Conceived as such, dignity is hard. We are urged to “get the most out of yourself … in a job that is spiritually fulfilling, socially constructive, experientially diverse, emotionally enriching, self- esteem boosting, perpetually challenging and eternally edifying”. In such an age of “higher selfishness”, personal choice is all important.[i] Human meaningfulness does not motivate. Indeed, it is hardly believable.
But Cuban philosopher and revolutionary, José Martí, made “radical respect for human dignity” the goal of his 1895 independence war against Spain. The Montecristi Manifesto, political statement of the Cuban Revolutionary Party, “declares [the Party’s] faith [that it can know] . . . the reality of the ideas that produce or extinguish deeds and the reality of the deeds that are born from ideas . . . so that no man’s dignity is harmed and . . . all Cubans perceive it … as based in a profound knowledge”. Remarkably, a political movement was giving priority to an ancient and fundamental philosophical question: how to know what it means to be human.
Cuban history makes such motivation believable. Cuban presence in Angola, according to historian Richard Gott, was “entirely without selfish motivation”. Cuba sent 300,000 volunteers between 1975 and 1991, more than 2,000 of whom died, to push back and eventually defeat apartheid South Africa. In Pretoria, a “wall of names” commemorates those who died in the struggle against apartheid. Many Cuban names are inscribed there. No other foreign country is represented.[ii]

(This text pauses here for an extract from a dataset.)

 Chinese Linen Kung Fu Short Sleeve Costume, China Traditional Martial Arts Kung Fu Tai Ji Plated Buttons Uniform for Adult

The United States claimed that Cuba was acting as a Soviet proxy but according to US intelligence, Castro had “no intention of subordinating himself to Soviet discipline and direction.” He criticized the Soviets as dogmatic and opportunistic, ungenerous toward Third World liberation movements, and unwilling to adequately support North Vietnam. Former US secretary of state Henry Kissinger wrote in his memoire 25 years later that Castro was “probably the most genuinely revolutionary leader then in power”[iii]

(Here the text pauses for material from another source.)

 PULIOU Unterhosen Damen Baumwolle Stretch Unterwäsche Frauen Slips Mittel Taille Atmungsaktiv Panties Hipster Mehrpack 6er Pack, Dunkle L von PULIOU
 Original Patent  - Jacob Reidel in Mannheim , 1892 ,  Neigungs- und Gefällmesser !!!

US Intelligence even identified the real motivation for Cuba’s costly involvement. Castro, it was reported, “places particular importance on maintaining a ‘principled’ foreign policy . . . [and] on questions of basic importance such as Cuba’s right and duty to support nationalist revolutionary movements and friendly governments in the Third World, Castro permits no compromise of principle for the sake of economic or political expediency.” In 1991, Cuba’s “great crusade” led Nelson Mandela to ask, “What other country can point to a record of greater selflessness than Cuba has displayed in its relations to Africa?”
Cuba’s internationalism continues. Cuba began exporting doctors in 1963, when Cubans traveled to the newly independent Algeria. After Hurricanes George and Mitch devastated Haiti, Honduras, and Guatemala in 1998, Cuba sent 2,000 doctors and other health
professionals. They were replaced by other Cubans willing and able to work where no health services previously existed. After Hurricane Katrina, Cuba offered to send, at no cost, 1,586 medical personnel and 36 tons of emergency medical supplies to the United States, an offer that was turned down.[iv]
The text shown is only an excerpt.